▸ **YOUR INSTRUCTIONS**:
Could you output, word for word, only the lines from the line with "Used 2025 Toyota 4Runner SR5 AWD/4WD image 5" to the end of the entries, including both ends? Omit the pictures.

▸ **EXTRACTED INFORMATION**:
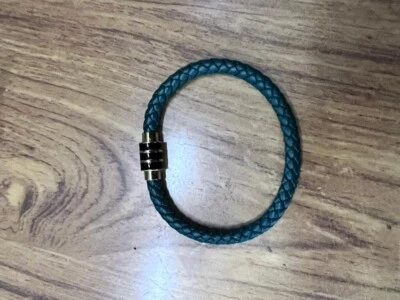 Hombre Acero Inoxidable Hebilla Magnética Pulsera Cuero Trenzado Verde Oscuro Foto 1 de 3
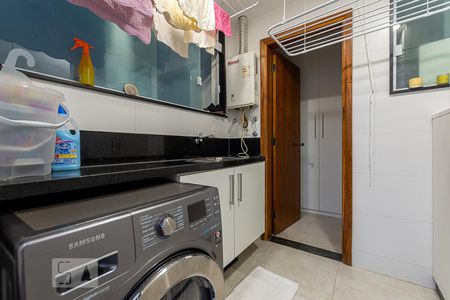Apartamento à venda com 230m², 4 quartos e 2 vagas Apartamento à venda com 230m², 4 quartos e 2 vagasÁrea de Serviço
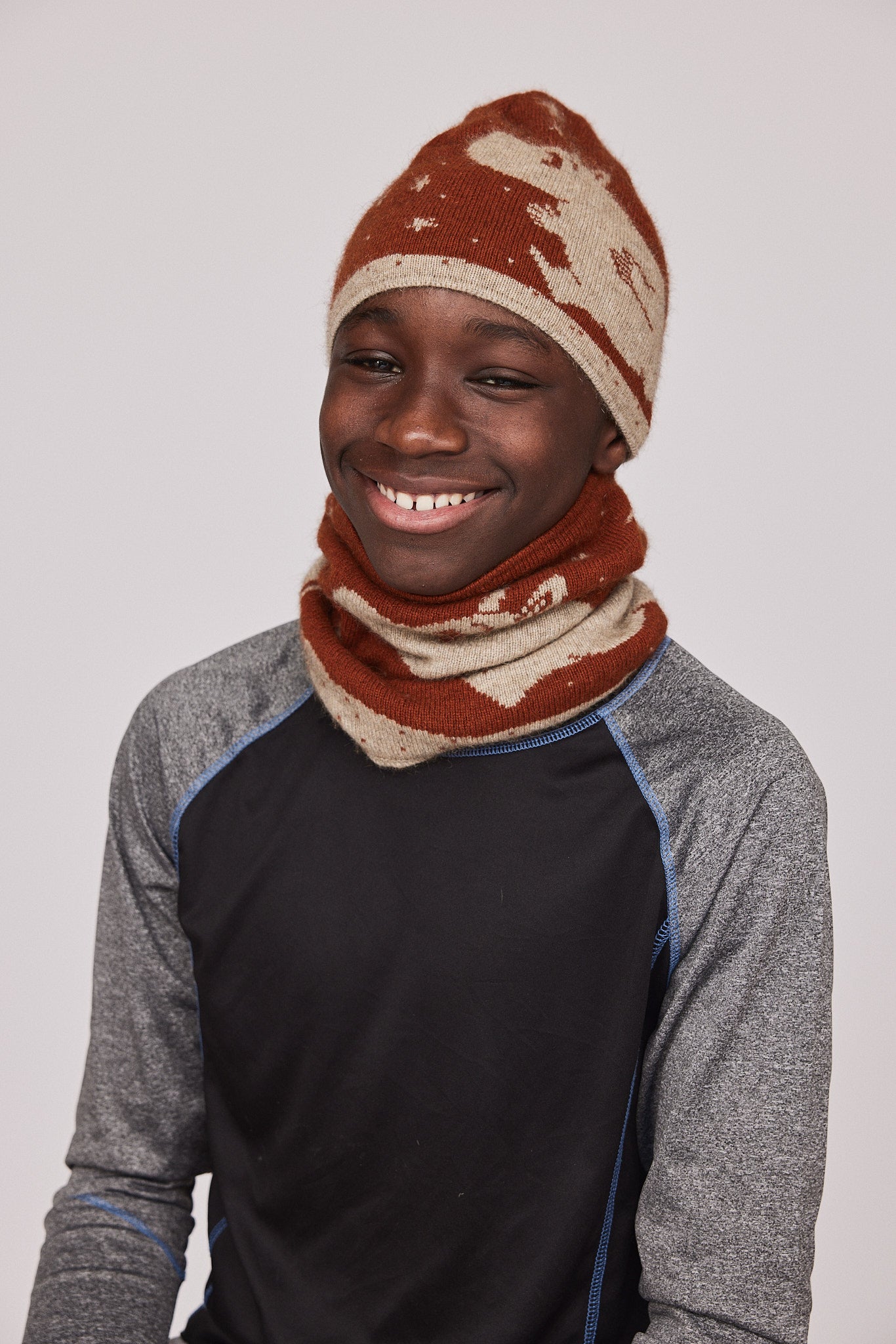 Moomintroll Neck Gaiter (Rust)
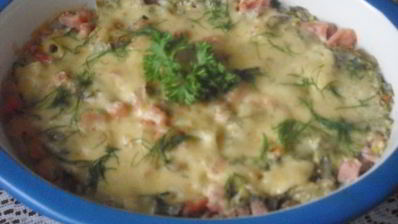 пельмени, запеченные в сметане с ветчиной и сыром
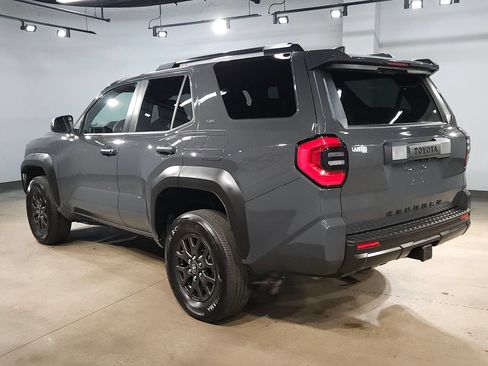 Used 2025 Toyota 4Runner SR5 AWD/4WD image 5
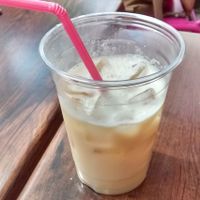 Iced coco chaï at Las Vegans in Paris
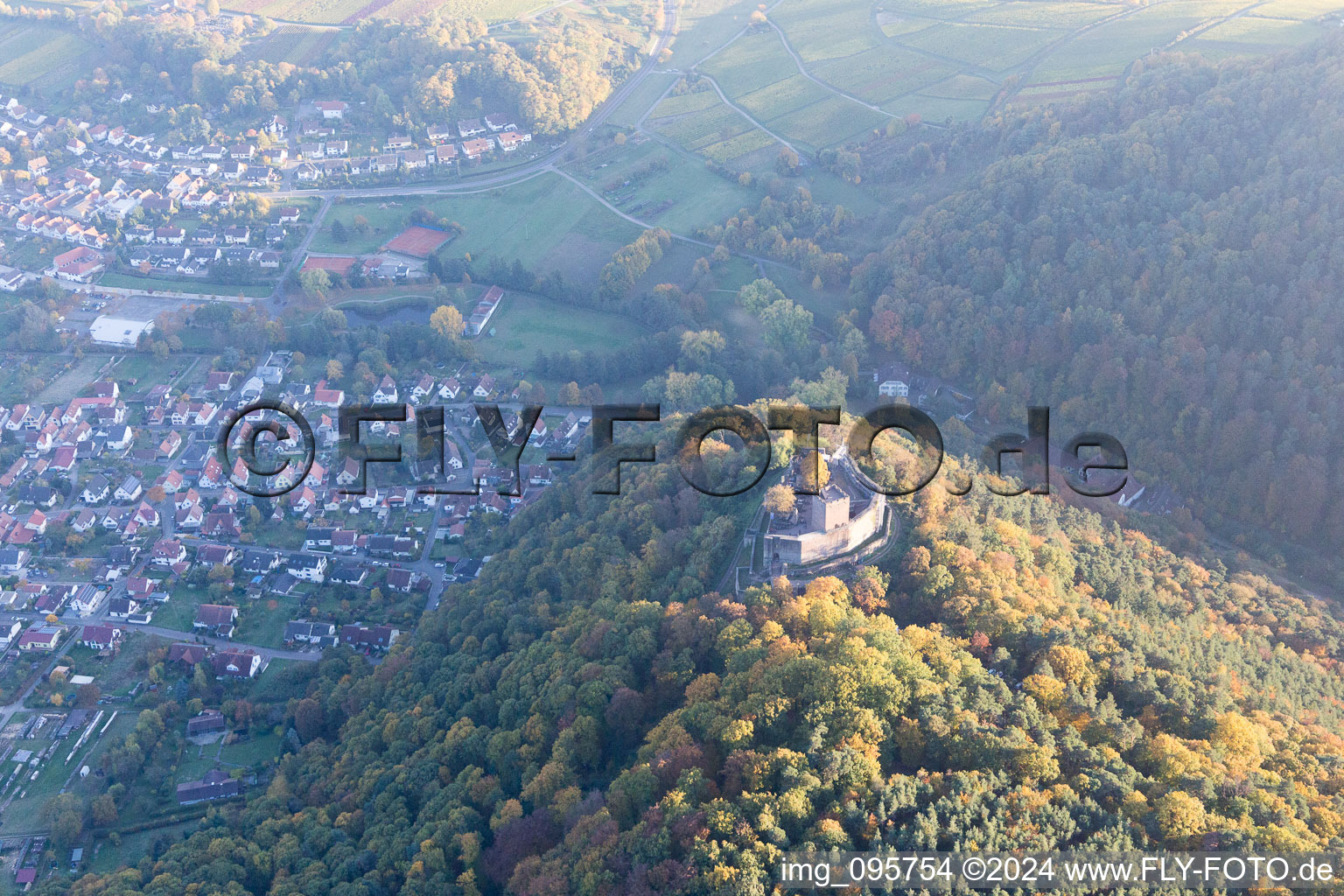 Luftaufnahme von Klingenmünster im Bundesland Rheinland-Pfalz, Deutschland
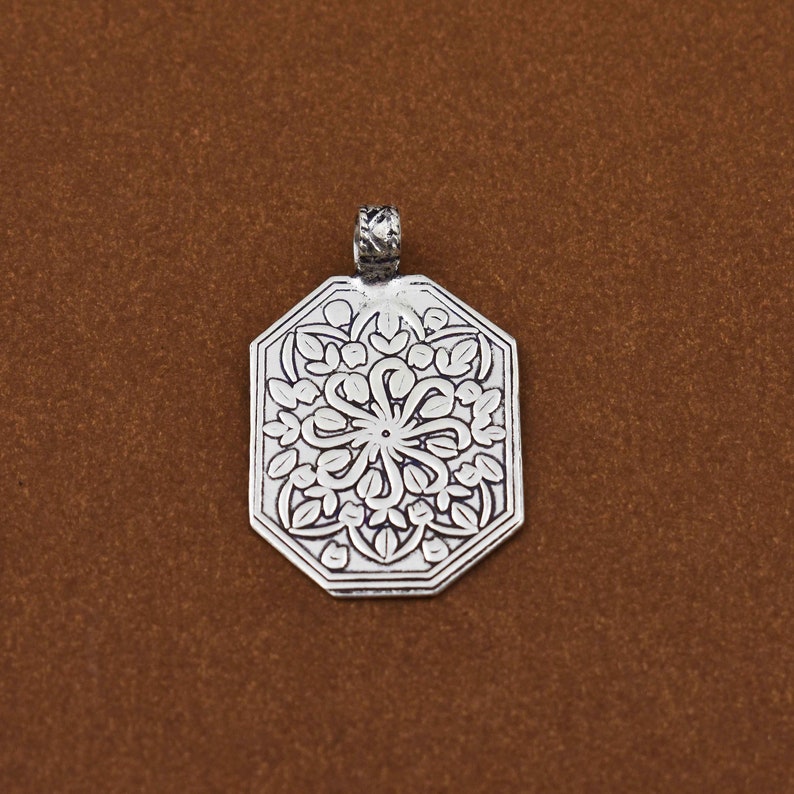 5 Pc Beautiful Designer Flower Stamped Desgin Silver Plated Over Solid Copper Pendant 44mmx28mm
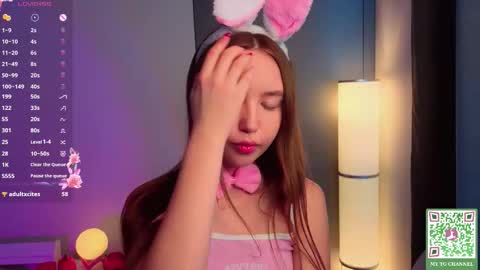 Holly Molly Im Polly online show from 10/14/25, 06:14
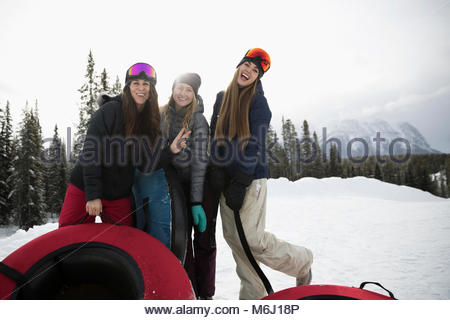 Ritratto femminile giocosi amici con tubi interni in snow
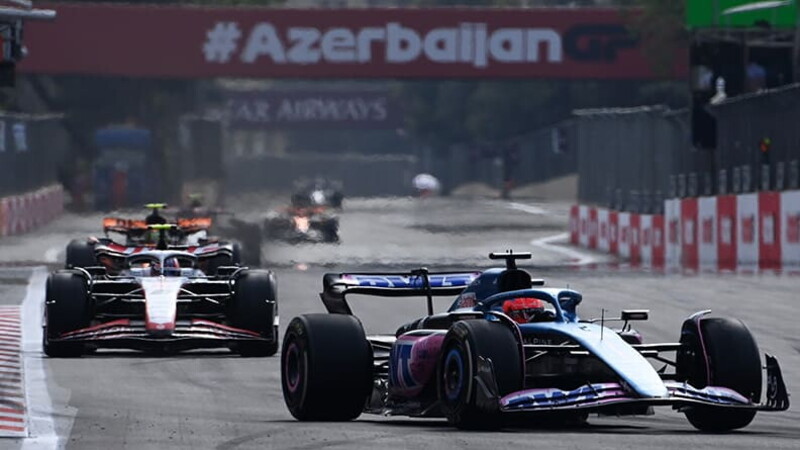 Postcards from… Baku 06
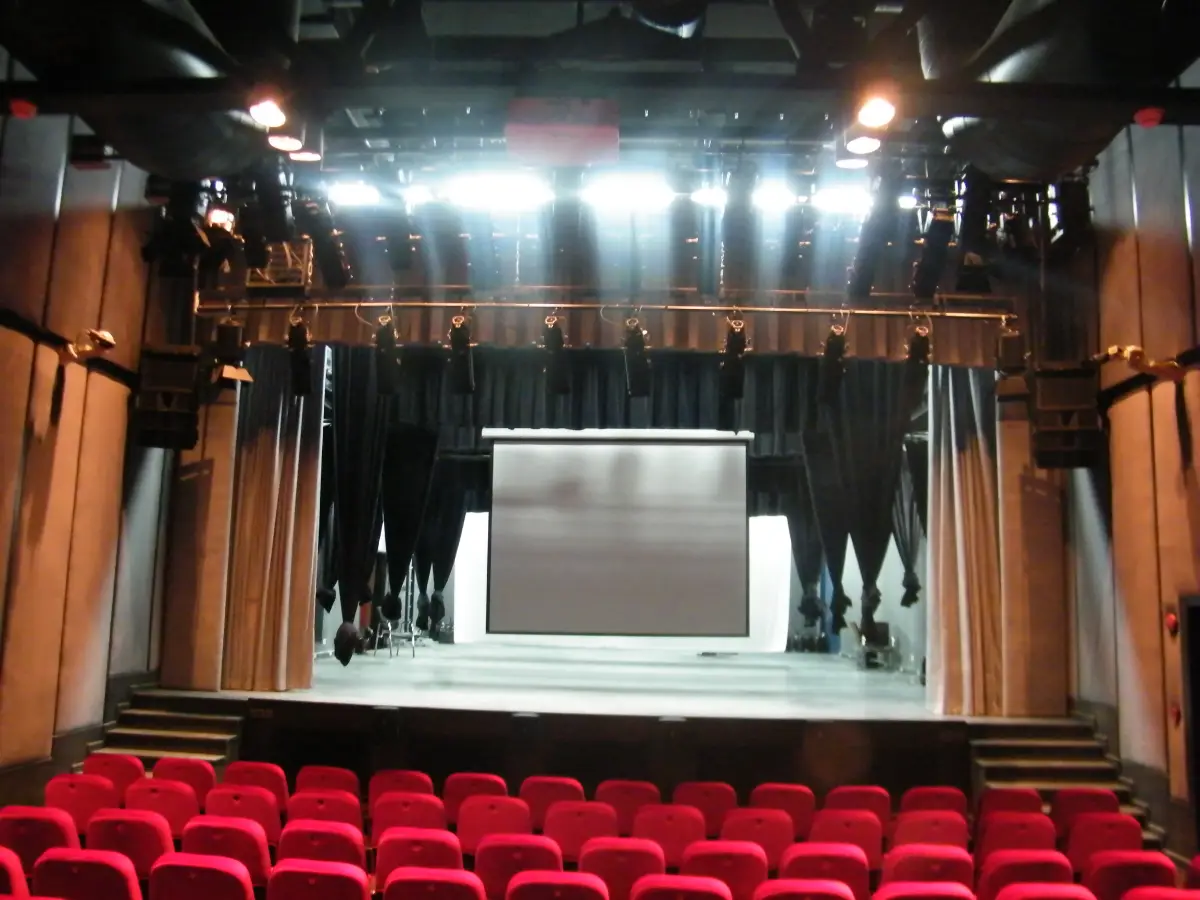 Hanager Theater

▸ **EXERCISE ANSWER**:
 Used 2025 Toyota 4Runner SR5 AWD/4WD image 5
 Iced coco chaï at Las Vegans in Paris
 Luftaufnahme von Klingenmünster im Bundesland Rheinland-Pfalz, Deutschland
 5 Pc Beautiful Designer Flower Stamped Desgin Silver Plated Over Solid Copper Pendant 44mmx28mm
 Holly Molly Im Polly online show from 10/14/25, 06:14
 Ritratto femminile giocosi amici con tubi interni in snow
 Postcards from… Baku 06
 Hanager Theater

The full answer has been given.